Work item: Print the records below from the first line through the line containing "خرید فیلتر سوخت", both included, word for word.

Available data:
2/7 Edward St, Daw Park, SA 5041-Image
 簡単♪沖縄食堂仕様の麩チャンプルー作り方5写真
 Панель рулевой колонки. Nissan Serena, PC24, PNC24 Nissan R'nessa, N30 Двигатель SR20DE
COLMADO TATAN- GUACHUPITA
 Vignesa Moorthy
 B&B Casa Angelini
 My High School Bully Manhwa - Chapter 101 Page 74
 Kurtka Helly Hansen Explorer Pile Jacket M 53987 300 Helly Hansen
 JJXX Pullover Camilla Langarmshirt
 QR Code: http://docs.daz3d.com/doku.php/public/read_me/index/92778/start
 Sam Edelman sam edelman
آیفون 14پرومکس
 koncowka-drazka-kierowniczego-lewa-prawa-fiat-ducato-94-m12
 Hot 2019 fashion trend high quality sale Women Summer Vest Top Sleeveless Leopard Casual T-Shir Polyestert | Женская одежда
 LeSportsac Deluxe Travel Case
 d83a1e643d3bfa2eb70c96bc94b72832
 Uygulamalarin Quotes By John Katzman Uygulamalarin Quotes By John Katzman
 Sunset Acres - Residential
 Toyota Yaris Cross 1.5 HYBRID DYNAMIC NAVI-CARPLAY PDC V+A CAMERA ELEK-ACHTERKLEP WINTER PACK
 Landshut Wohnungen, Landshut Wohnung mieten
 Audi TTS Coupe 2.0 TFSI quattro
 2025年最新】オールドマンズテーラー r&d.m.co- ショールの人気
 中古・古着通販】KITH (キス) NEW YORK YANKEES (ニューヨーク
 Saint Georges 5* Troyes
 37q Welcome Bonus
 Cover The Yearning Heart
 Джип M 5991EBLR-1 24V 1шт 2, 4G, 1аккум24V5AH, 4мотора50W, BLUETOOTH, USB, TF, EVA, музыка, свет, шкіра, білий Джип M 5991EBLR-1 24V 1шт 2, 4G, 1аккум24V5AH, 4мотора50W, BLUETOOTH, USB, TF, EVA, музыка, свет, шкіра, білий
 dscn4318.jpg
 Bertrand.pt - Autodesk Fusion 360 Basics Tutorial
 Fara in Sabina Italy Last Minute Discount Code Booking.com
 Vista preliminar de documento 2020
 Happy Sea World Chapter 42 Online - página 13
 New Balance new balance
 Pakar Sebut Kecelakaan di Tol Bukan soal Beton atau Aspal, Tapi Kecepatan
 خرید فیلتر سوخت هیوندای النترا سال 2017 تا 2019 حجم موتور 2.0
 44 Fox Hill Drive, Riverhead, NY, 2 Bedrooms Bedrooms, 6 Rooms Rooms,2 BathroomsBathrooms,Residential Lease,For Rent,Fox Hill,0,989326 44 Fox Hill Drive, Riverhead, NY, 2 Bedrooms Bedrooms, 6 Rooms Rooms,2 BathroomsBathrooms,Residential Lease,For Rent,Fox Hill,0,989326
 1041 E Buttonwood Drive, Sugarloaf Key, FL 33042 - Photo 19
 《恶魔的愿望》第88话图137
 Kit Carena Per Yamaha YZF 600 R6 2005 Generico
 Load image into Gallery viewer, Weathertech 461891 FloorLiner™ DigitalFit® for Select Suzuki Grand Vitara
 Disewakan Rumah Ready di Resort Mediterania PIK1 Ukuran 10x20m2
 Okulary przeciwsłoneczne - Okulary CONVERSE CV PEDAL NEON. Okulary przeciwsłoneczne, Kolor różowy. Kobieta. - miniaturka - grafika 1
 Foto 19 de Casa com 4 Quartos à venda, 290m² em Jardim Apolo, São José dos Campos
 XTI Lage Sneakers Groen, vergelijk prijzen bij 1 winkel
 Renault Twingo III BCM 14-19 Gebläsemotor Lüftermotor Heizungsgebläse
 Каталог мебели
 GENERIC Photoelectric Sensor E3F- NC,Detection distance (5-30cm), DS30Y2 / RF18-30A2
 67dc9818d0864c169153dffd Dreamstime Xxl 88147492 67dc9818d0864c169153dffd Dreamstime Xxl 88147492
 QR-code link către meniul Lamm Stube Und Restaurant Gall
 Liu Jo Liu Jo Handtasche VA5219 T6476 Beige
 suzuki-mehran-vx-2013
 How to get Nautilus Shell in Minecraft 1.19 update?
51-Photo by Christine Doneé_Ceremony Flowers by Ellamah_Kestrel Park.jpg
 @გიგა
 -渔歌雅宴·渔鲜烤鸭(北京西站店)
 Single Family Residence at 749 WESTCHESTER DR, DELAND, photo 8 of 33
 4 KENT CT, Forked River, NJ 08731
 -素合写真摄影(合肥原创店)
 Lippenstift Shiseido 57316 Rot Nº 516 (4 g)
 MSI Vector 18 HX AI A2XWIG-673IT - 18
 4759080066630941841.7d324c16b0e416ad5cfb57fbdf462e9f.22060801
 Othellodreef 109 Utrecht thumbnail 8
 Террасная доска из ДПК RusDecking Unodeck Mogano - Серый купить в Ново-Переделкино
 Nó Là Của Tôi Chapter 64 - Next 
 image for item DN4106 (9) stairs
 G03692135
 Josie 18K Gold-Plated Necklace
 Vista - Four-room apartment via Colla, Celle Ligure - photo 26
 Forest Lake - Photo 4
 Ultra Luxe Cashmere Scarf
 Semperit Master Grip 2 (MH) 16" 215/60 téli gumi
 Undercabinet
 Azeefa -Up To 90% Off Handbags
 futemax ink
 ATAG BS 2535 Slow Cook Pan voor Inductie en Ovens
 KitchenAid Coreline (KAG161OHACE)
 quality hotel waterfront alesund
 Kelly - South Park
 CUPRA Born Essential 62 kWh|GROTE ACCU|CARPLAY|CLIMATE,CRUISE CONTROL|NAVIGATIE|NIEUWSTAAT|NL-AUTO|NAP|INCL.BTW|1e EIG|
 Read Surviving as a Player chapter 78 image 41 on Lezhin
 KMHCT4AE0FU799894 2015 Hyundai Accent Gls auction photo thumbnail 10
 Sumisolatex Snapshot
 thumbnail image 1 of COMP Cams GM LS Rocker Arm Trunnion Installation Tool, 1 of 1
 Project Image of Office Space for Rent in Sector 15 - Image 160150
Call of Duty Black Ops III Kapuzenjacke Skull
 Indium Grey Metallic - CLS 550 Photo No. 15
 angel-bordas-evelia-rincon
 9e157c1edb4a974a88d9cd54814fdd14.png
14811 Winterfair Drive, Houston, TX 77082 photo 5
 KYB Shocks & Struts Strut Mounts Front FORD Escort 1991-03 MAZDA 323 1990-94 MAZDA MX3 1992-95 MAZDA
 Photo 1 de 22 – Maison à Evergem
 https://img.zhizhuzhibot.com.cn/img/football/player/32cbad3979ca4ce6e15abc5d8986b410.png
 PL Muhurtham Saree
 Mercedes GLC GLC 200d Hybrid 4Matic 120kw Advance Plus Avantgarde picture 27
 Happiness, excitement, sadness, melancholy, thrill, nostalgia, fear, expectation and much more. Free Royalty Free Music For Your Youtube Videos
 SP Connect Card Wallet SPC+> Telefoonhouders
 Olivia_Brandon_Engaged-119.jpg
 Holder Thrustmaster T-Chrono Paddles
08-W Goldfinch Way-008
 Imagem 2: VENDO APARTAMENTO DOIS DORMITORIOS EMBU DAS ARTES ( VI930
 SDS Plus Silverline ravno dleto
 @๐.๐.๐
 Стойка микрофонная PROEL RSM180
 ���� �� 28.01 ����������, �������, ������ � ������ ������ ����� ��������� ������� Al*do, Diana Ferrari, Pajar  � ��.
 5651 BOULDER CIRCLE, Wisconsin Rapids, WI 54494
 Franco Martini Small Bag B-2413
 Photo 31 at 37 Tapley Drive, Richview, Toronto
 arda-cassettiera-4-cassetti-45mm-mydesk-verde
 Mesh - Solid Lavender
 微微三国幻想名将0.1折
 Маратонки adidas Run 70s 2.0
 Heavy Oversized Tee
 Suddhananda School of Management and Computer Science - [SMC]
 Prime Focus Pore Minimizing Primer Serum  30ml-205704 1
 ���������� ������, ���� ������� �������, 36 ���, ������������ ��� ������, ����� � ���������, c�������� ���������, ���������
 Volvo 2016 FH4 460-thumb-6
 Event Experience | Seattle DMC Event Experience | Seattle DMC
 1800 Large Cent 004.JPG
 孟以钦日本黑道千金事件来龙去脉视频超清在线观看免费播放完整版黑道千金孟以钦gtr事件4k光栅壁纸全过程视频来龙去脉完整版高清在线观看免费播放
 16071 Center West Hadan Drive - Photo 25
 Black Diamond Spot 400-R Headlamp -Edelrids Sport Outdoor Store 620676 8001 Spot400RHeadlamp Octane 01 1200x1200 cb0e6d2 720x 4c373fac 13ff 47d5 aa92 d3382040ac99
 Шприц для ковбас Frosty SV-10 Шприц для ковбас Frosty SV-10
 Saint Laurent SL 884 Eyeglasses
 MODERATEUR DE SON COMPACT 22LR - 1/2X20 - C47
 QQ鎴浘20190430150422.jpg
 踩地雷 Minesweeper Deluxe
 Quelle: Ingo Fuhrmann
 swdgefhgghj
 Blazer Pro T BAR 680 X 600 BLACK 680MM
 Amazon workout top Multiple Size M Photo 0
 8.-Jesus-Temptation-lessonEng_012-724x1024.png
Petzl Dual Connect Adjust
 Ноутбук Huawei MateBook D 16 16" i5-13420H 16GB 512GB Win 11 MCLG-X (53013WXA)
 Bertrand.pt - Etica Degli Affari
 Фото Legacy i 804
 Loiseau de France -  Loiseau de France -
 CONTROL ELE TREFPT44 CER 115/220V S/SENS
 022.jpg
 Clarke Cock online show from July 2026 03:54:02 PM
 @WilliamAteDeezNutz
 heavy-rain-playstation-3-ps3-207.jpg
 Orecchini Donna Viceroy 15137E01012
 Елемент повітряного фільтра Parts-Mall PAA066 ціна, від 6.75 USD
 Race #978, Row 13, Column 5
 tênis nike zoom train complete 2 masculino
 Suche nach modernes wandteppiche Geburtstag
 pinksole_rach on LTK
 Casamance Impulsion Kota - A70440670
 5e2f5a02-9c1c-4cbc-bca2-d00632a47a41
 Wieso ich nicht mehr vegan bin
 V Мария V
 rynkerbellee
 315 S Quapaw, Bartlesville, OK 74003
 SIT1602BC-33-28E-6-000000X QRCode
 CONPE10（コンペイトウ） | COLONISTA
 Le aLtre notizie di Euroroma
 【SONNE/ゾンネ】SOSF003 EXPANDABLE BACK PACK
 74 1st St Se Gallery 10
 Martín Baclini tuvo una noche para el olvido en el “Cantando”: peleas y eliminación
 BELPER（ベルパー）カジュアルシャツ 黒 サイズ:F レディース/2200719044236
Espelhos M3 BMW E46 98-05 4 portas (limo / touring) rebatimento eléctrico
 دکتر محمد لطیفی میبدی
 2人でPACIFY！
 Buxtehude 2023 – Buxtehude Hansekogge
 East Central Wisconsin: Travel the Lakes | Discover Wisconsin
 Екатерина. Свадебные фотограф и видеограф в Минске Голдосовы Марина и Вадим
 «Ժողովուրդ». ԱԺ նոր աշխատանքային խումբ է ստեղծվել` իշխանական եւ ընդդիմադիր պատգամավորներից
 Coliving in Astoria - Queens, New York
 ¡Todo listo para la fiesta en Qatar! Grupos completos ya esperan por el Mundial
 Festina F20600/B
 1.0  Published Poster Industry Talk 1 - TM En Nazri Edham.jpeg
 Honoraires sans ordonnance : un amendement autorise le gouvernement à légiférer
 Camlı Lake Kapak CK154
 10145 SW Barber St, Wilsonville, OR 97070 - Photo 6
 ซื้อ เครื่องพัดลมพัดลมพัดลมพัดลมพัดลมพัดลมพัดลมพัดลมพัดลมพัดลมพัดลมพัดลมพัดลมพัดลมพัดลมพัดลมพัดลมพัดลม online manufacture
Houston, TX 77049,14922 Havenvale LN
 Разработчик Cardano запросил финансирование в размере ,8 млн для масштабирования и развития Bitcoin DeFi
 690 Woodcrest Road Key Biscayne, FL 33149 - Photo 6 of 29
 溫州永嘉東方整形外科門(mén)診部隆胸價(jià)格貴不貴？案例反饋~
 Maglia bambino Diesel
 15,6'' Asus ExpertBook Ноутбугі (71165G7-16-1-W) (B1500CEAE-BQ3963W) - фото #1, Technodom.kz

Solution:
2/7 Edward St, Daw Park, SA 5041-Image
 簡単♪沖縄食堂仕様の麩チャンプルー作り方5写真
 Панель рулевой колонки. Nissan Serena, PC24, PNC24 Nissan R'nessa, N30 Двигатель SR20DE
COLMADO TATAN- GUACHUPITA
 Vignesa Moorthy
 B&B Casa Angelini
 My High School Bully Manhwa - Chapter 101 Page 74
 Kurtka Helly Hansen Explorer Pile Jacket M 53987 300 Helly Hansen
 JJXX Pullover Camilla Langarmshirt
 QR Code: http://docs.daz3d.com/doku.php/public/read_me/index/92778/start
 Sam Edelman sam edelman
آیفون 14پرومکس
 koncowka-drazka-kierowniczego-lewa-prawa-fiat-ducato-94-m12
 Hot 2019 fashion trend high quality sale Women Summer Vest Top Sleeveless Leopard Casual T-Shir Polyestert | Женская одежда
 LeSportsac Deluxe Travel Case
 d83a1e643d3bfa2eb70c96bc94b72832
 Uygulamalarin Quotes By John Katzman Uygulamalarin Quotes By John Katzman
 Sunset Acres - Residential
 Toyota Yaris Cross 1.5 HYBRID DYNAMIC NAVI-CARPLAY PDC V+A CAMERA ELEK-ACHTERKLEP WINTER PACK
 Landshut Wohnungen, Landshut Wohnung mieten
 Audi TTS Coupe 2.0 TFSI quattro
 2025年最新】オールドマンズテーラー r&d.m.co- ショールの人気
 中古・古着通販】KITH (キス) NEW YORK YANKEES (ニューヨーク
 Saint Georges 5* Troyes
 37q Welcome Bonus
 Cover The Yearning Heart
 Джип M 5991EBLR-1 24V 1шт 2, 4G, 1аккум24V5AH, 4мотора50W, BLUETOOTH, USB, TF, EVA, музыка, свет, шкіра, білий Джип M 5991EBLR-1 24V 1шт 2, 4G, 1аккум24V5AH, 4мотора50W, BLUETOOTH, USB, TF, EVA, музыка, свет, шкіра, білий
 dscn4318.jpg
 Bertrand.pt - Autodesk Fusion 360 Basics Tutorial
 Fara in Sabina Italy Last Minute Discount Code Booking.com
 Vista preliminar de documento 2020
 Happy Sea World Chapter 42 Online - página 13
 New Balance new balance
 Pakar Sebut Kecelakaan di Tol Bukan soal Beton atau Aspal, Tapi Kecepatan
 خرید فیلتر سوخت هیوندای النترا سال 2017 تا 2019 حجم موتور 2.0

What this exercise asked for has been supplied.